In 2000 Anjo returned to professional wrestling to help out All Japan Pro Wrestling's rebuilding. He appeared as a partner to old foe Genichiro Tenryu, winning the World Tag Team Championship from Johnny Smith and Taiyo Kea. They retained the titles for a long times, including a double title match with AJPW All Asia Tag Team Champions Arashi and Koki Kitahara, against the teams of George Hines and Johnny Smith and Toshiaki Kawada and Nobutaka Araya, coming victorious after Anjo pinned Araya with a knee strike. After some weeks, Tenryu and Anjo finally lost the title to Keiji Mutoh and Taiyo Kea, dissolving the team.

After some single ventures and a failed team with Mitsuya Nagai, he quit All Japan and wandered again, joining Fighting World of Japan Pro Wrestling. He fought again alongside Tenryu, feuding with Takao Omori, and also teamed up with Ichiro Yaguchi to take part in the WMG Tag Team Championship tournament, but they were eliminated by Jinsei Shinzaki and Shiro Koshinaka.

===Hustle (2004–2009)===
After many months of inactivity, Anjo resurfaced in the sports entertainment promotion Hustle run by old comrade Takada. He debuted as Commander An Jo, Generalissimo Takada's right hand, wearing military uniforms and ornated eye masks.

On March 19, 2015, Anjo retired from professional wrestling, putting on a small interpromotional card called Y.A. is Dead (a reference to his entrance song James Brown Is Dead by LA Style) where he reformed his "Golden Cups" stable with Takayama and Yamamoto, to take on former UWF and New Japan foes Masakatsu Funaki, Minoru Suzuki and Sanae Kikuta in a best-of-three-falls six-man match. Anjo was forced to submit by Funaki in two straight falls, but Anjo demanded the match go to a third fall and was pinned by Suzuki.

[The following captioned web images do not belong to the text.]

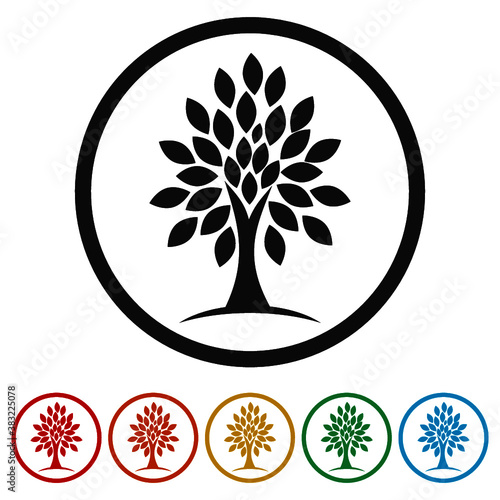 Simple tree ring icon, color set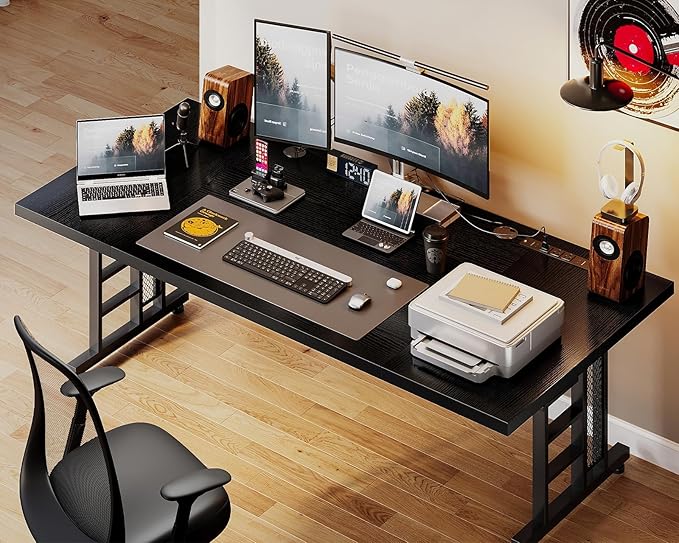 Coleshome 71 Inch Executive Desk with USB Ports Computer Office Desk Large Mordern Writing Table Workstation Business Furniture for Home Office Black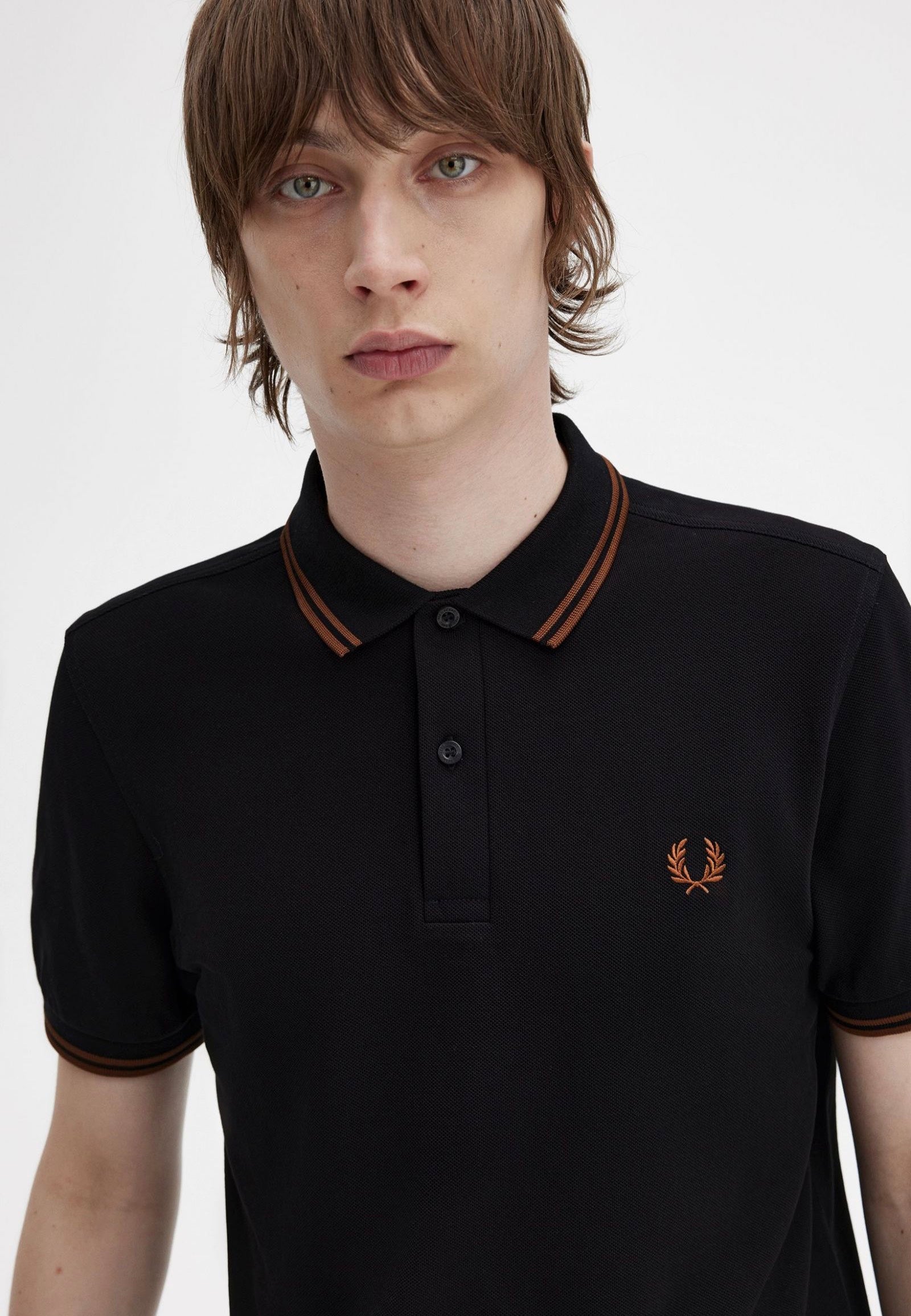 Fred Perry - Twin Tipped Black/WhiskyBrown/Whisky Brown - Polo | Men-Image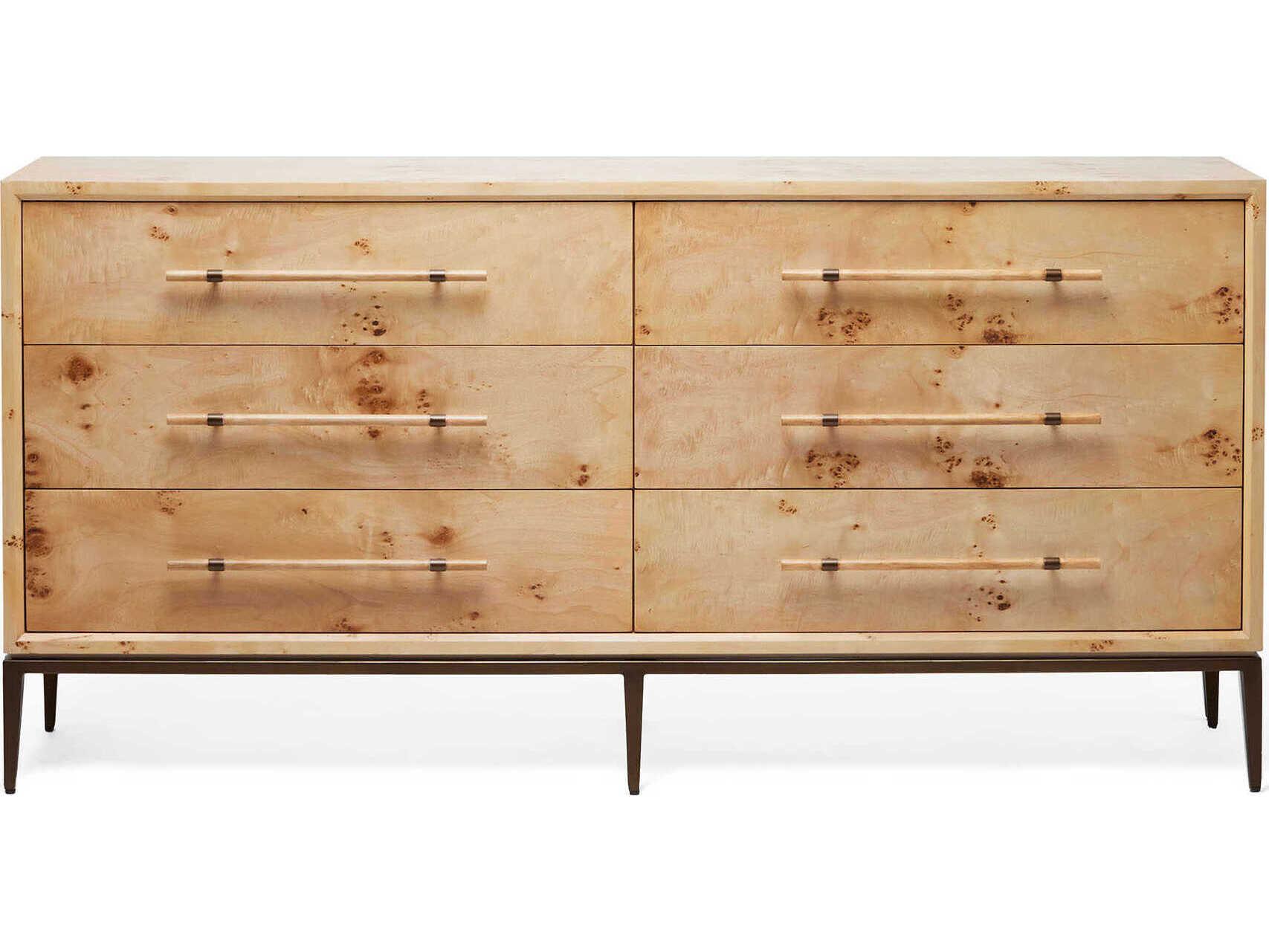 Interlude Home Burton 6-Drawers Brown Ash Wood Double Dresser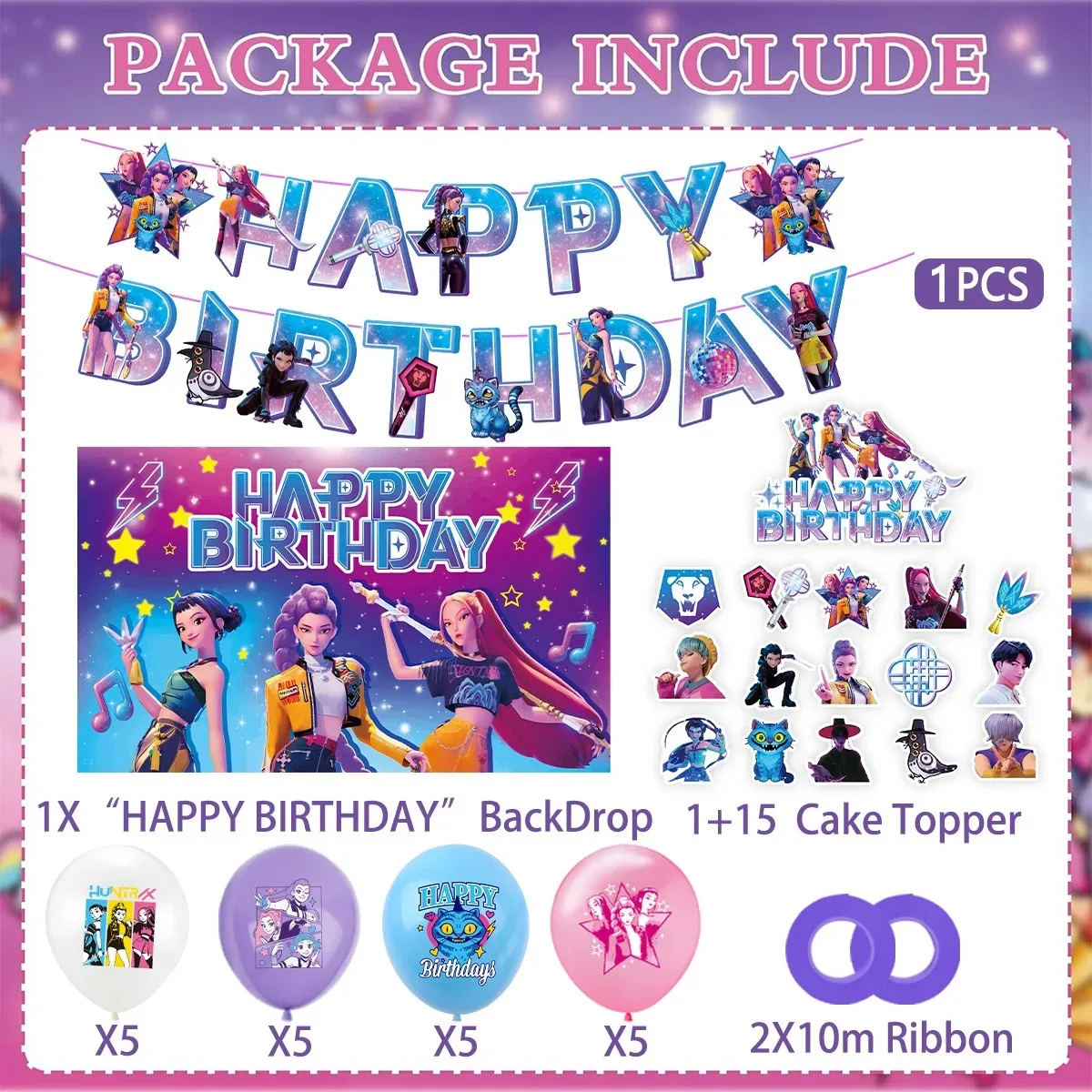 Theme Birthday Party Decor Kit, Banner Cake Topper Balloons Backdrop, Complete Party Supplies, Ideal Gifts for Kids and Fans
Theme Birthday Party Decor Kit, Banner Cake Topper Balloons Backdrop, Complete Party Supplies, Ideal Gifts for Kids and Fans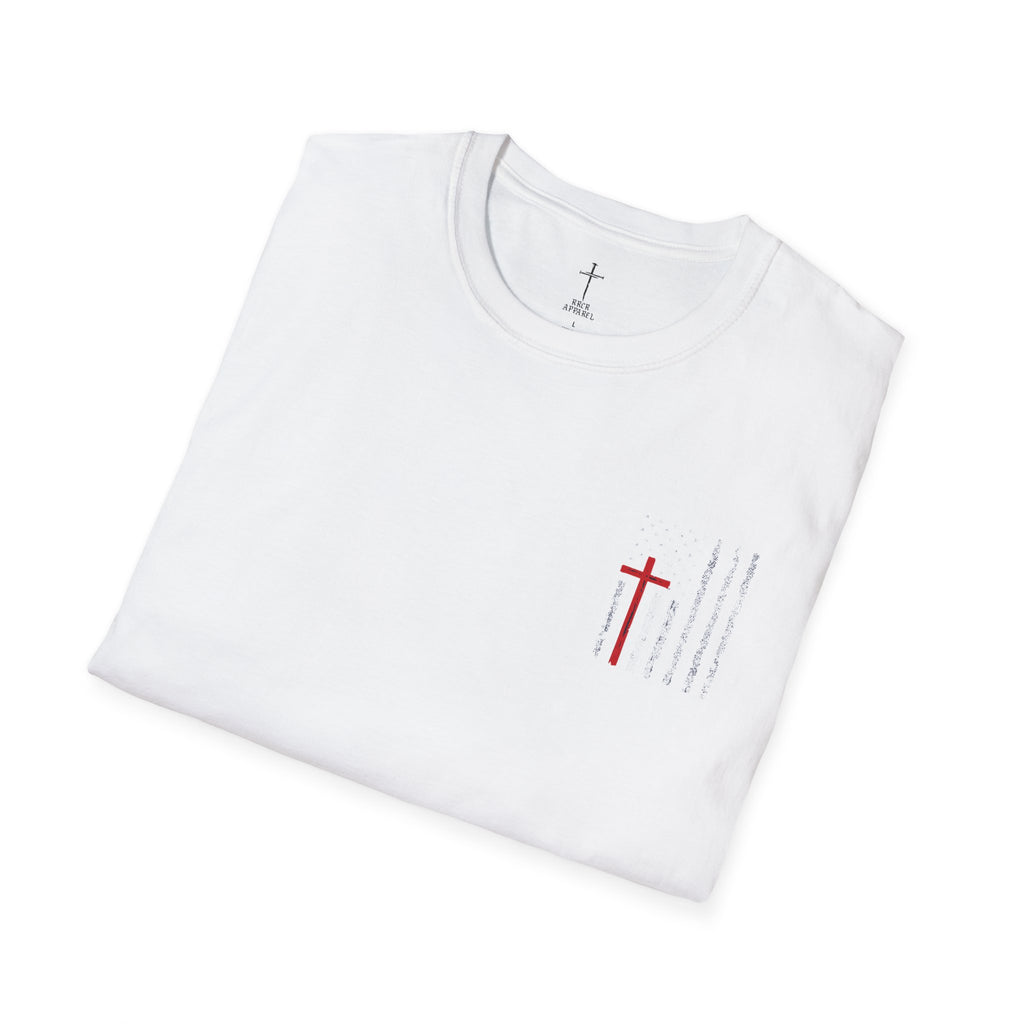 Christian Flag T-Shirt – “American by Birth, Christian by the Grace of God”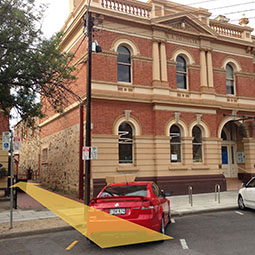 Street frontage showing walk laneway to left of the North Adelaide Post Office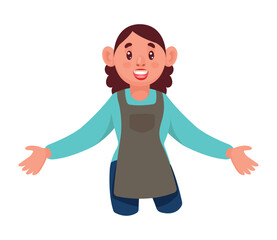 Poster - female barista with apron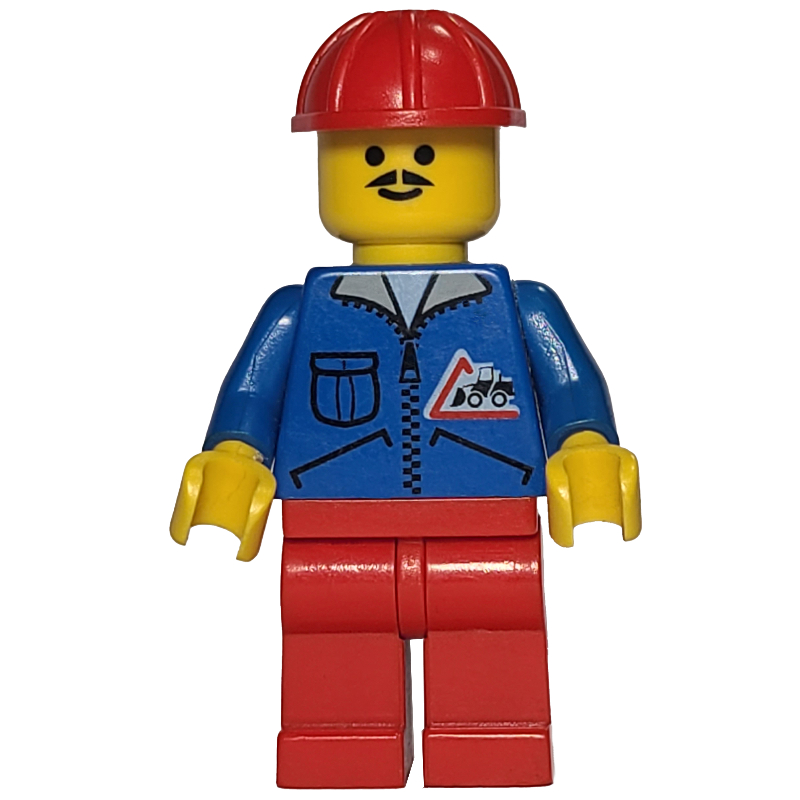 LEGO Blue Torso, Red Legs, Red Safety Helmet (fig-011038)
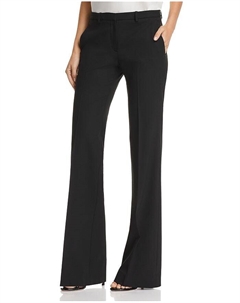 Брюки-клеш из смесовой шерсти Demitria, черный Theory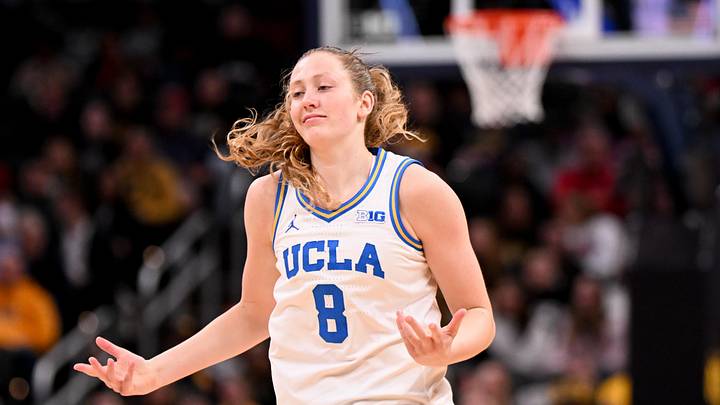 Mar 8, 2026; Indianapolis, IN, USA; UCLA Bruins guard Gianna Kneepkens (8) reacts after a play against the Iowa Hawkeyes during the first half at Gainbridge Fieldhouse. Mandatory Credit: Robert Goddin-Imagn Images
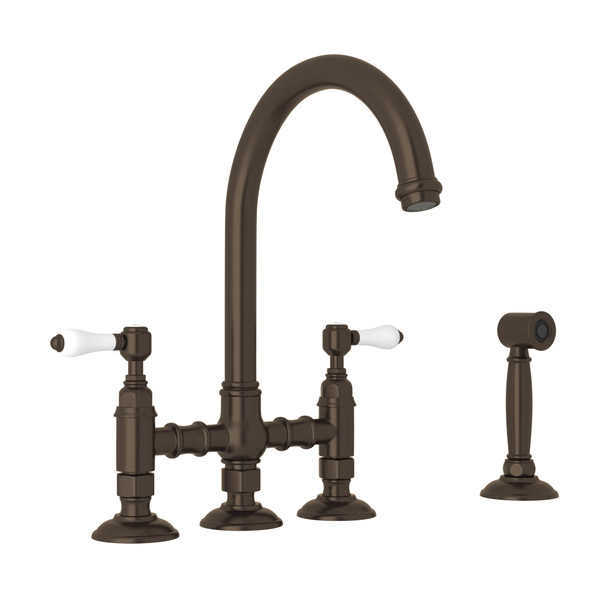 San Julio Deck Mount C-Spout 3 Leg Bridge Kitchen Faucet with Sidespray - Tuscan Brass with White Porcelain Lever Handle | Model Number: A1461LPWSTCB-2 - Product Knockout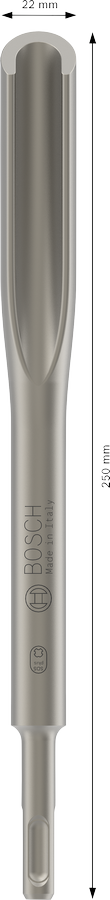 PRO SDS plus Hohlmeißel, Bosch Werkzeug, Metallgehäuse, Silberfarben, Zylindrische Form, 250 mm Länge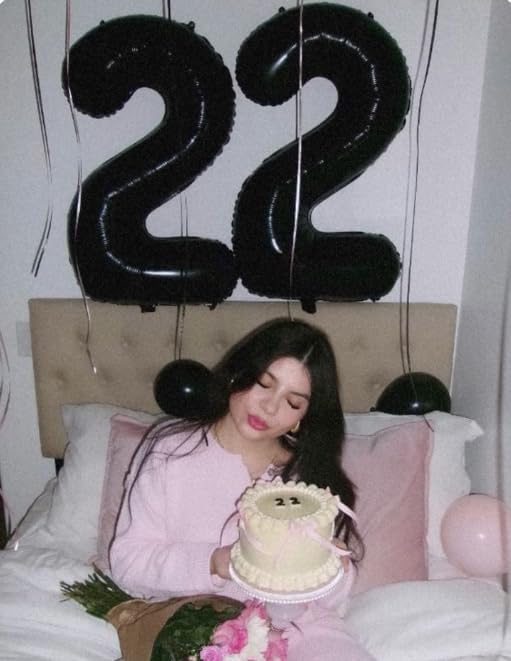 Black Number 22 Balloon - 40 Inch, Birthday Party Decorations, Anniversary & Graduation Supplies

==Mixed martial arts career==
===First bouts===
Yoji's first shootfight was in UWF Newborn, after offering himself to fight muay thai champion Changpuek Kiatsongrit in the 1989 event U-Cosmos. Under mixed rules, Changpuek chose to wear gloves while Anjo did not. Started the fight, Yoji immediately clinched Changpuek to avoid his striking and repeatedly tried to take him down, but the Thai fighter kept holding the ring ropes in order to avoid it. After rounds, they traded kicks and Yoji cornered him in the turnbuckle several times, with Kiatsongrit never releasing the ropes. The Japanese wrestler managed to threaten him with submissions at the final round, but he couldn't lock them due to the rope escape rule, so the fight ended in a draw.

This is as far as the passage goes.